Allow me to congratulate you, Mr. Chairman, and the members of the Bureau upon your election. I have full confidence that under your leadership UNFF9 will be a successful, productive and memorable session.
Since its establishment in 2000, this intergovernmental body has raised the consciousness of the international community about forests…their precious environmental resources….their vital linkages to economies and livelihoods….and their precarious state in our planet’s ecosystem.
It has propelled action on sustainable forest management....there are now more policies and programmes in place to protect forests than ever before.
Sustainable forest management is on the agenda of leaders at the highest political levels.
It was addressed at September’s High Level Plenary Meeting on the Millennium Development Goals.
The meeting’s outcome document underscored the global objectives on forests.
And forest issues were a key element during discussions at the Cancun Climate Change Conference last month.
Ladies and Gentlemen,
In this context, I would like to highlight some key elements in the United Nations’ forest agenda.
First, we aim to promote better understanding of the comprehensive benefits of forests….not only their environmental riches but their economic, social and cultural assets.
Forest discussions held since the 2007 Bali Conference have centred on the multi-dimensional quality of forests, and the need for a 360 degree strategy to protect them and see them thrive.
I applaud the Forum for focusing this ninth session on a people-centred approach to forests – for it is well-aligned with a comprehensive perspective.
Indeed, forests provide livelihoods and sustenance for approximately 1.6 billion people across the world, many of whom are poor.
It is imperative, therefore, that negotiations on forests are linked to the many facets of human life that they affect - from hunger and poverty eradication to governance, green economy, and employment.
Next week we will have forest ministers from around the world at the high-level segment. We are optimistic that their participation will help increase attention and action toward a people-centred approach for forest management.
A second key element in our strategy relates to the International Year of Forests.
Distinguished delegates, this year-long advocacy and promotional effort should be maximized…it is an ideal opportunity to disseminate information about the people-centred approach to forest management.
I urge you to carry out events and activities that draw the attention of the general public, the media, politicians, government officials, academia, environmental organizations and young people.
Your efforts can prompt governments to redouble their commitment to sustainable forest management plans.
Ladies and Gentlemen,
A third key element in the UN’s forest agenda relates to the non-legally binding instrument on all types of forests – also called the Forest Instrument.
As you know, it is the first international agreement on forests that addresses all aspects and functions of forests.
It is the only globally-agreed instrument that provides clarity on the meaning of “sustainable forest management”.
Your hard work made the agreement a reality and I thank you for it.
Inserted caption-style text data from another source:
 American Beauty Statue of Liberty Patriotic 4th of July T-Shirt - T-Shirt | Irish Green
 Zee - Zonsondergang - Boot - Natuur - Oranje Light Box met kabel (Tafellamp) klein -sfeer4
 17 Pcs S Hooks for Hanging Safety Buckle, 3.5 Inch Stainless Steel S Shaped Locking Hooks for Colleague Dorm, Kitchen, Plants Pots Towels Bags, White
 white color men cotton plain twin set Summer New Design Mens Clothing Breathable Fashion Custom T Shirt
While we have this common framework in place, it still needs to be fully operationalized.
I urge all governments, international organizations and actors from civil society and the private sector to implement the provisions of the Forest Instrument.
The forest financing work done by this Forum has strengthened the ability of stakeholders to implement changes.
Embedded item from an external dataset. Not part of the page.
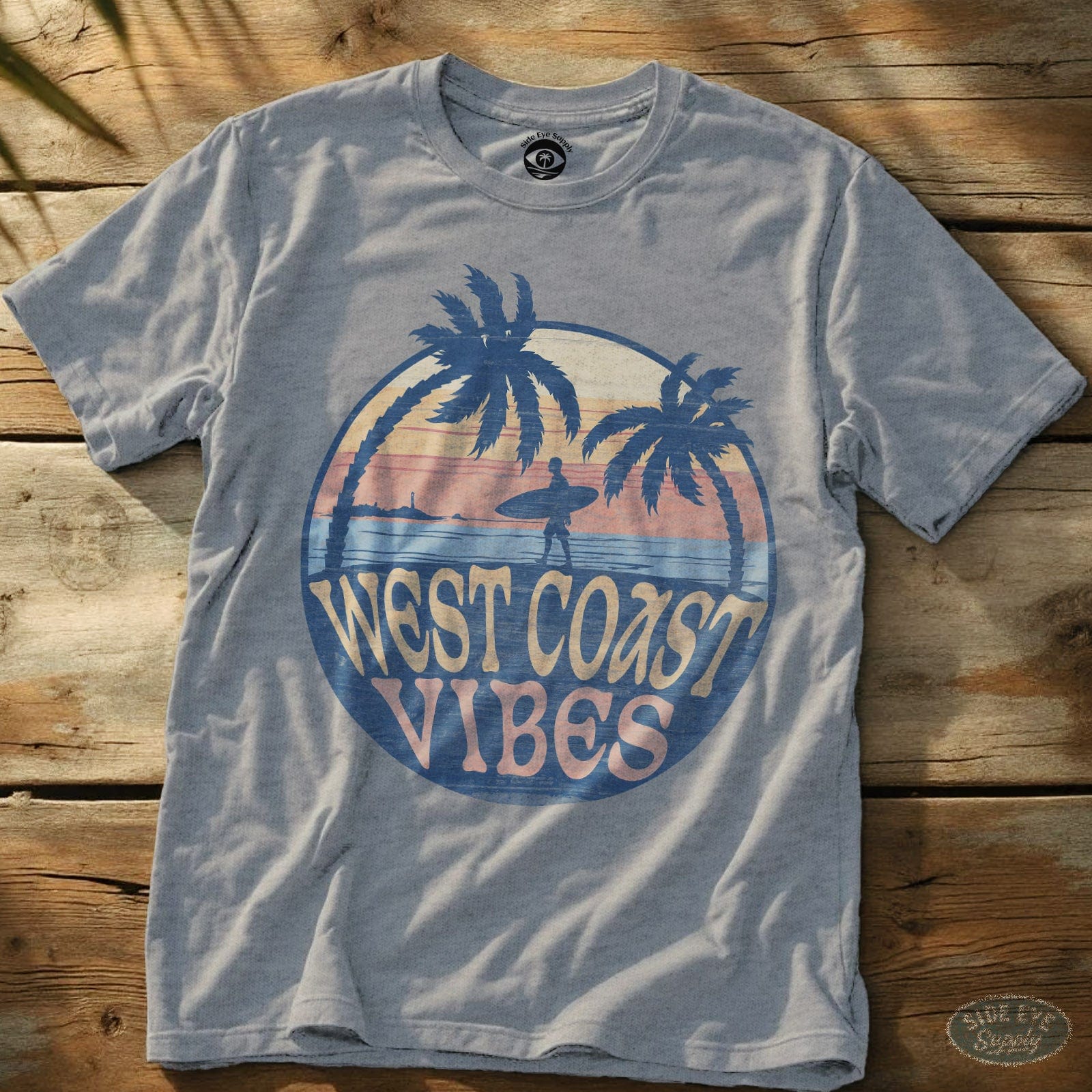 West Coast Vibes T-Shirt Sport Grey / S - by Side Eye Supply - Surf Beach Life Apparel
I congratulate the Forum for spearheading this much-needed financing process.
My personal thanks go to you, Mr. Chairman and your Bureau, for your somewhat unorthodox but innovative approach, and to the Member States for being adaptive and determined to make it happen.
With a strategic work plan on forest financing in place, we have moved closer to the goals laid out in the Forest Instrument.
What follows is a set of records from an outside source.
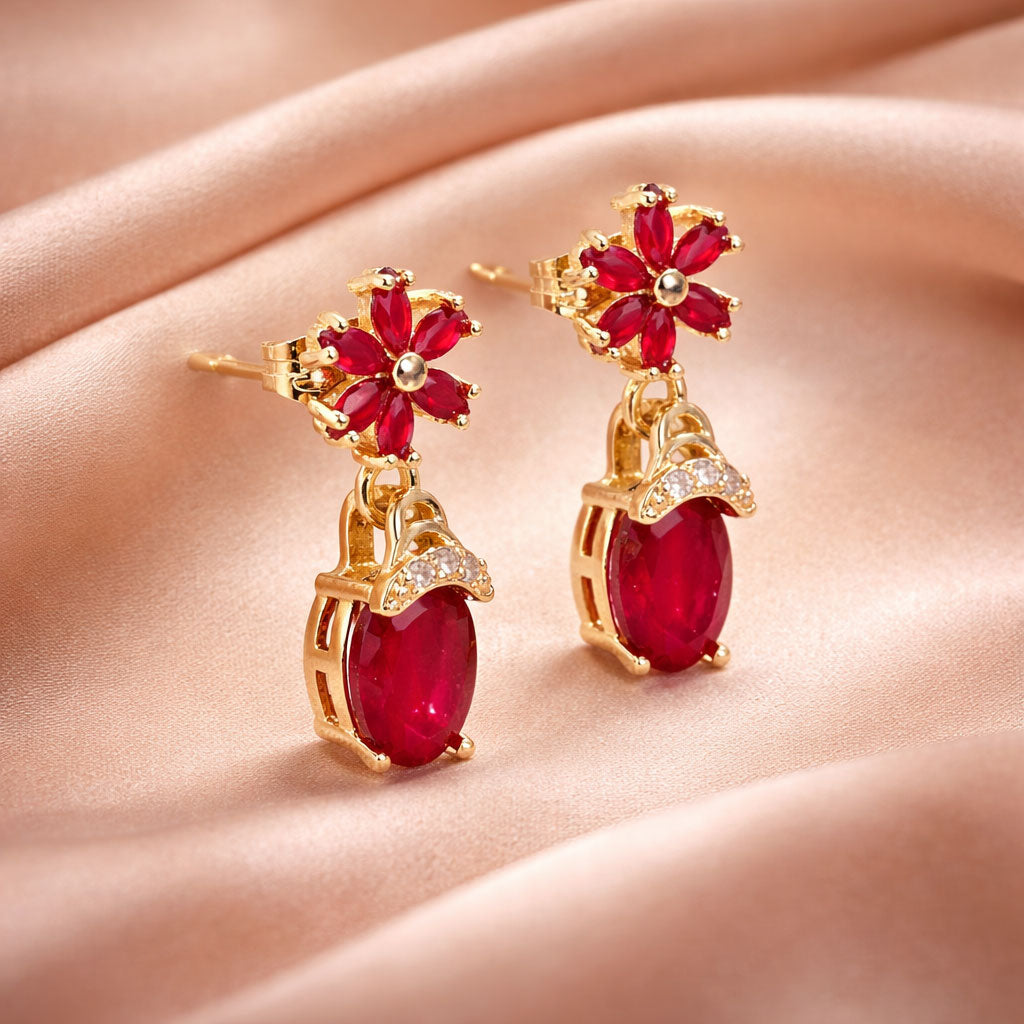 Shivora Ruby Red Blossom Crystal Drop Earrings
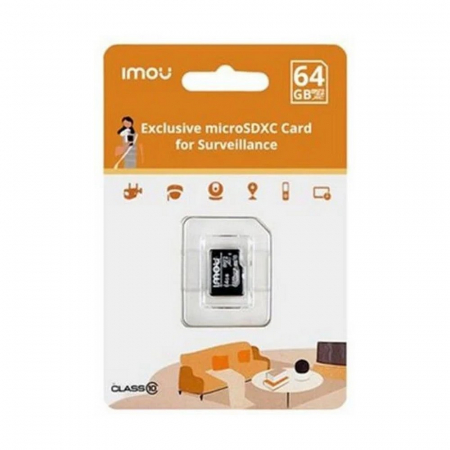 Echipament Tactic - Card MicroSD IMOU, 64 GB, Clasa 10, citire 95 Mbps, scriere 38 Mbps, MICROSD64-IMOU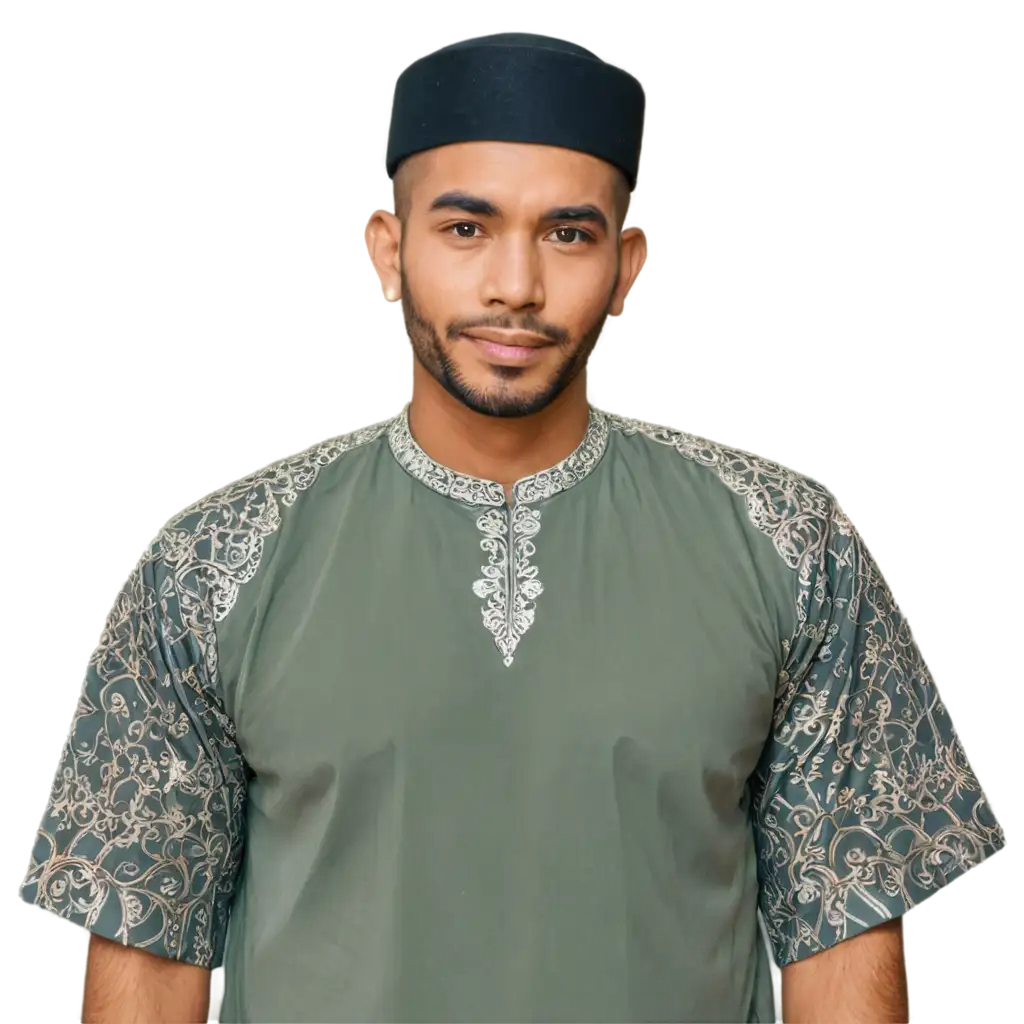 A malay man in baju melayu and songkok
Lastly, I want to remind you of the importance of this Forum to the upcoming UN Conference on Sustainable Development in 2012 – also known as “Rio+20.”
The objectives of the Conference are to renew political commitment on sustainable development, assess progress and gaps on its implementation and to address emerging issues.
The Conference will be anchored by two themes: a green economy in the context of poverty eradication and sustainable development, and an institutional framework for sustainable development.
We must work together to ensure that the outcome of this Conference will help advance sustainable forest management.
The international community needs your advice and advocacy on how to do this.
As Secretary-General of the Conference, I invite you to share your expertise as we move ahead in the preparatory processes.
I trust that the next two weeks will generate dynamic and productive discussion on its theme, “forests for people, livelihoods and poverty eradication.”
Your engagement here is crucial for advancing policy decisions that are inclusive and cross-sectoral and that take a multilateral approach.
With your help we can turn global, regional and national commitments into actions that lead to sustainable forest management – and with it, jobs and stable, healthy livelihoods,
As I conclude my remarks, I assure you of the full support of my Department toward the critical work of the UNFF.
I wish you a very successful session.